Review: Assassination Nation


There is nothing quite like a film trying to front as a female empowerment tale that constantly leers at its young stars and is directed by a man to set off my bullshit meter. Assassination Nation wants desperately to be an exposé on social media, teen culture, and America's violent nature. It is none of those things. It is a message movie whose message is constantly undercut by its non-stop violence and sex. I doubt there will be a more annoying film this year (please let me be right about this).

The film opens with a trigger warning, declaring its desire to shock and provoke. There will be swearing, nudity, rape, homophobia and more. It then soon claims to be a thousand percent true. Assassination Nation screams at its audience, warning them they will be offended. This is never a good sign. It wants to quickly take shots at the uncool, the conservatives, in some sort of perceived culture war that it aims to comment on.

The plot follows a group of high school babes in Salem. It took me most of the film to confirm this is the witch Salem and not the one in Oregon. Lily (Odessa Young) and her friends live their life online, except when parading around high-school wearing fetish porn clothing. The communicate in meme-style provocations. Lily is caught between her boyfriend (Bill Skarsgard) and an older man whom she sexts with named "Daddy." Lily is a bright student with a desire to titillate with every action. Early on she is brought into the principal's office for drawing images of women masturbating. In her defense, she launches into a monologue about how her art stands against the patriarchy and reveals the pressures of perfection women feel. The principal tells her she is brilliant in a line of dialogue that feels like the writer/director Sam Levinson congratulating himself on his own writing.

The film's plot shifts when someone leaks the whole towns internet and mobile histories. Soon the town devolves into a Purge-like chaos and everyone wants to kill Lily, whom they think did it. If the film was unbelievable in its first half that tries to expose the horrors of teen life, then the second half is even less plausible.

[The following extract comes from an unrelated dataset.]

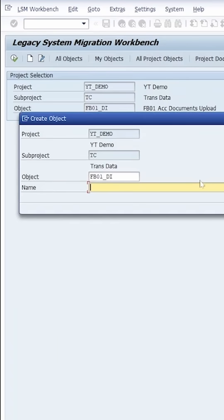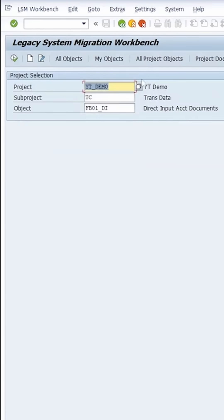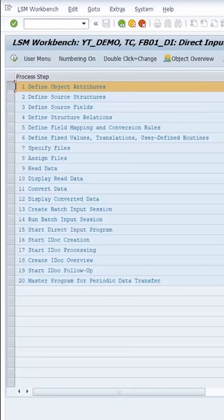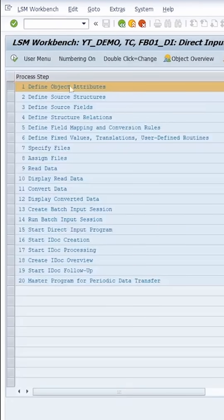This way I'm creating the object from scratch — direct input, accounting documents. Then enter. Go to define object attributes. This time we are using direct input, so I will stick with that selection.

Assassination Nation assaults the viewer with an excess of style. There is a copious amount of split-screen used that serves little point that to be stylish. The same is true of the impressive but empty long takes that Levinson employs. There are talented people working on this film but the screenplay is so empty and vile that none of it serves to make the film better.

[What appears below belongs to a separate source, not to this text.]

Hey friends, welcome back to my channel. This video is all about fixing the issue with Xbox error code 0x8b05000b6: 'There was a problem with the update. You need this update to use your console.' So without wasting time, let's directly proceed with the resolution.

The film's weak social commentary is derivative. Assassination Nation plays like the polar opposite of this year's Eight Grade. That film shows the realities of social media on teen life with a big heart and an honest voice. Assassination Nation takes away all of that sincerity and replaces it with a teenage boy's idea of depth and commentary. The film desperately wants to preach about the patriarchal society we live in and aims to be feminist. However, this completely fails as the camera lingers on every inch of exposed skin of these females. I can't help but wonder how much better this could have been if directed by a woman. There is just something so disingenuous about the film's goals here.

Desperate to be edgy and profound, Assassination Nation is just profoundly annoying. It is in love with its own provocative nature but lacks any depth for any of it to mean anything. It reminded me of the far superior Spring Breakers. That film had a clear-eyed perspective and a point. This film has neither. It is quite simply one of the worst films of the year.